# Melt and Pour question



## Nomad (Dec 19, 2002)

I used to make melt and pour soap some years ago. I was reading an article about adding salt to soap this morning. Is it possible to do that with the melt and pour or only with the regular type of soap? I still have supplies and wouldn't mind trying it if it is possible. The article said it makes a hard bar which is something I would like. Thanks.

Nomad


----------



## Tinker (Apr 5, 2004)

I haven't done M&P in years. I doubt the salt would do much as far as making it harder, but you could melt just a few oz. and give it a try.


----------



## Nomad (Dec 19, 2002)

Tinker said:


> I haven't done M&P in years. I doubt the salt would do much as far as making it harder, but you could melt just a few oz. and give it a try.
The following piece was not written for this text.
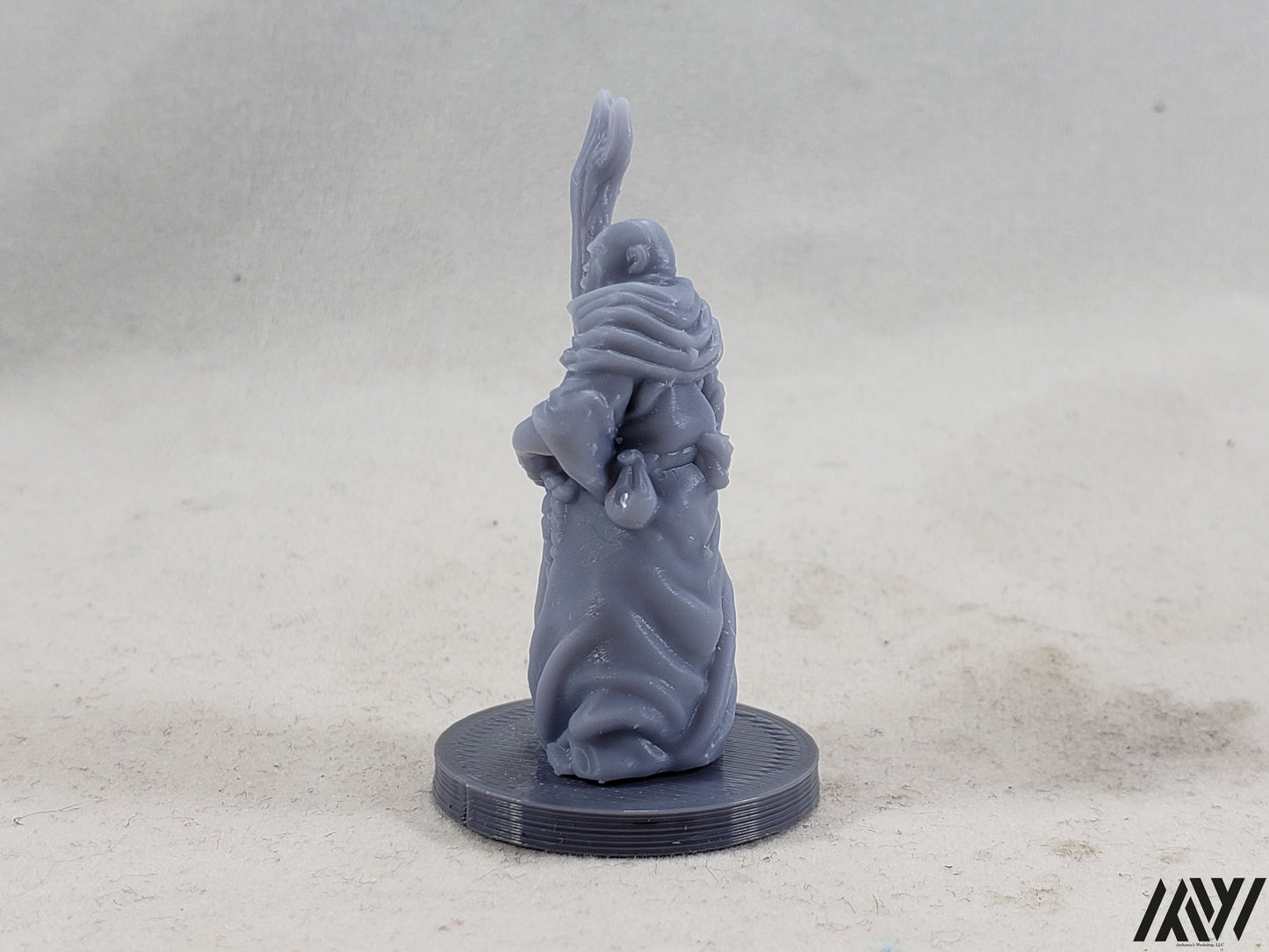 Friar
Good idea. Next time I'm over at the storage unit I'll bring the stuff home and give it a shot. 

Nomad


----------



## Tinker (Apr 5, 2004)

If yiu have it in a storage unit, you may not need to melt, just add salt and pour! lol


----------



## Nomad (Dec 19, 2002)

Tinker said:


> If yiu have it in a storage unit, you may not need to melt, just add salt and pour! lol


It's been in there at least 5 years, so I can't wait to see what it looks like. I wonder if my shea butter and other additives are ruined? I have candle making supplies, too. But someone broke into the unit a couple of years ago and took all the finished candles and new jars. I'll have to see if I can start making those again. 


Nomad


----------



## Tinker (Apr 5, 2004)

After 5 years, I bet it have been melted many many times. I'm sure it will have an odd scent, but the MP may still be usable. As for the shea, I bet it is rancid. Most of your scents are probably bad too. What a shame, as that stuff is so pricey.


----------



## Nomad (Dec 19, 2002)

Tinker said:


> After 5 years, I bet it have been melted many many times. I'm sure it will have an odd scent, but the MP may still be usable. As for the shea, I bet it is rancid. Most of your scents are probably bad too. What a shame, as that stuff is so pricey.


Then I guess the scents for my candles are probably not good any longer either. The stuff was kinda pricey, but it's too late to worry about it now. I'll have to see what can be salvaged and decide whether it would be worth spending more money to get started again. Maybe I should just do stained glass instead. At least that stuff doesn't go bad.

Nomad


----------



## lathermaker (May 7, 2010)

I'll bet that after 5 years the whole mess is rancid. If in doubt....throw it out!


----------